Personal information
- Full name: Casper Gedsted Hansen
- Date of birth: 4 February 2002 (age 24)
- Place of birth: Farsø, Denmark
- Position: Right-back

Team information
- Current team: 07 Vestur
- Number: 11

Youth career
- Farsø/Ullits IK
- AaB

Senior career*
- Years: Team / Apps / (Gls)
- 2021–2022: AaB / 6 / (0)
- 2022: Krasava Ypsonas / 13 / (0)
- 2023–2024: HB Køge / 20 / (0)
- 2025–: 07 Vestur / 37 / (4)

International career
- 2017–2018: Denmark U16 / 7 / (0)
- 2018: Denmark U17 / 4 / (0)

= Casper Gedsted =

Danish footballer (born 2002)

Casper Gedsted Hansen (born 4 February 2002) is a Danish professional footballer, who plays as a right-back for Faroese club 07 Vestur.

==Career==
===AaB===
Born in Farsø, Gedsted started his career at Farsø/Ullits IK, before moving to AaB at the age of 13. In the summer 2021, Gedsted was promoted to the first team squad, after signing a professional five-year deal with the club.

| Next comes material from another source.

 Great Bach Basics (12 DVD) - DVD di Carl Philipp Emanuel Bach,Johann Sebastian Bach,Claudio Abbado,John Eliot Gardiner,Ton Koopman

On 31 August 2021, Gedsted got his official debut for the club in a Danish Cup game against FIUK, which Gedsted and co. won 13–0. On 20 March 2022, Gedsted got his debut in the Danish Superliga against Brøndby IF.

On 25 May 2022 AaB confirmed, that Gedsted's contract had been terminated by mutual consent, with following message: We made a long deal with Casper last year because we saw and still see potential in him. However, Casper has expressed impatience for more playing time, which we can't promise, and therefore we've agreed that the best solution right now is to terminate the agreement.

On 17 July 2022 it was reported, that Gedsted would go on a trial at Dutch Eerste Divisie club VVV-Venlo.

===Ypsonas===
On 17 August 2022 it was confirmed, that Gedsted had joined newly promoted Cypriot Second Division side Krasava Ypsonas. He got his debut for the club on 10 September 2022 against MEAP Nisou. He made a total of 13 appearances for the club, before returning to Denmark.

===HB Køge===
On 18 January 2023, Gedsted returned to Denmark, signing with Danish 1st Division side HB Køge, signing a deal until June 2024.

On 24 May 2024 Køge confirmed that Gedsted left the club at the end of the season.

===Later clubs===
In January 2025, Gedsted joined Faroese club 07 Vestur.